Just as researchers made public their successful attempt of creating attack code for bypassing the protections of the latest version of Microsoft’s Enhanced Mitigation Experience Toolkit (v4.1), the Redmond giant has announced the preview release of EMET 5.0.

“EMET anticipates the most common actions and techniques adversaries might use in compromising a computer, and can help protect the computer by diverting, terminating, blocking and invalidating those actions and techniques. In recent 0-days, it has been an effective mitigation against memory corruption,” Chris Betz, senior director of the Microsoft Security Response Center in the Trustworthy Computing Group at Microsoft explained in a blog post.

Developers from the company’s EMET engineering team are currently demonstrating both the old and this new version of the security software at the RSA Conference currently taking place in San Francisco.
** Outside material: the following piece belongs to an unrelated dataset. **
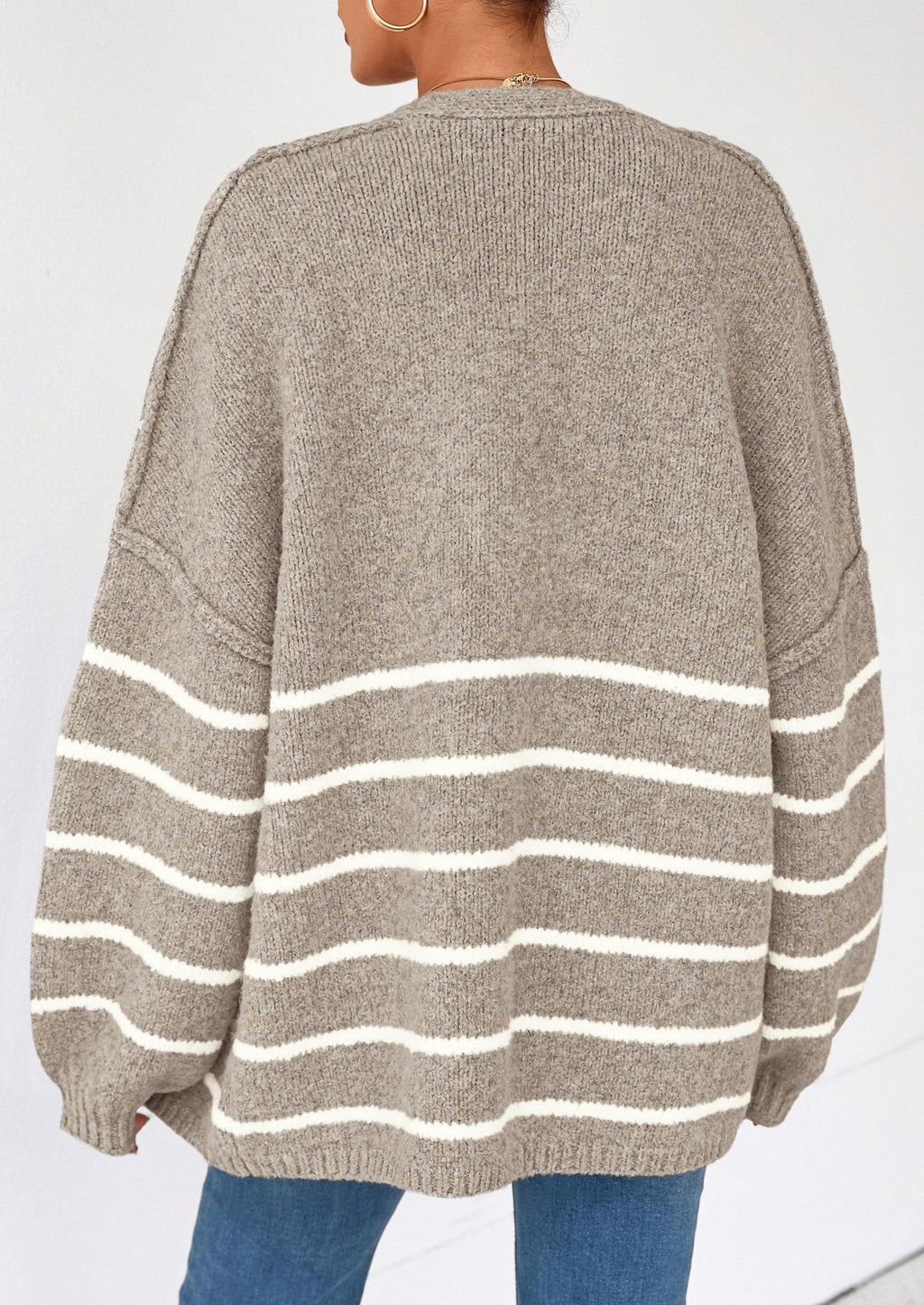 Womens Oversized Cardigan Sweaters Fall Long Lantern Sleeve Knit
They are also calling on users to test out the release and offer feedback on the new features and enhancements.

Two new protection features introduced in EMET 5.0 Technical Preview – on top of the 12 built-in security migrations included in version 4.1. – are the Attack Surface Reduction (ASR) and the Export Address Table Filtering Plus (EAF+).

As the name itself says, Attack Surface Reduction aims to reduce the attack surface of applications.

“It can be used as a mechanism to block the usage of a specific modules or plug-ins within an application,” the team explains. “For example, you can configure EMET to prevent Microsoft Word from loading the Adobe Flash Player plug-in, or, with the support of security zones, you can use EMET to prevent Internet Explorer from loading the Java plug-in on an Internet Zone website while continuing to allow Java on Intranet Zone websites.

The Adobe Flash Player and Java plug-ins are not the only ones you can block – the feature allows the user to configure it to his or her preference, both when it comes to plug-ins and security zones.

“EAF+ consolidates protection of lower-level modules and prevents certain exploitation techniques used to build dynamic ROP gadgets in memory from export tables,” they further explained.

The feature offers a number of additional safeguards such as additional integrity checks on stack registers and stack limits when export tables are read from certain lower-level modules, and the prevention of memory read operations on protected export tables when they originate from suspicious modules.

Additional hardening and default mitigation settings are also included and will be evaluated for inclusion in the final version.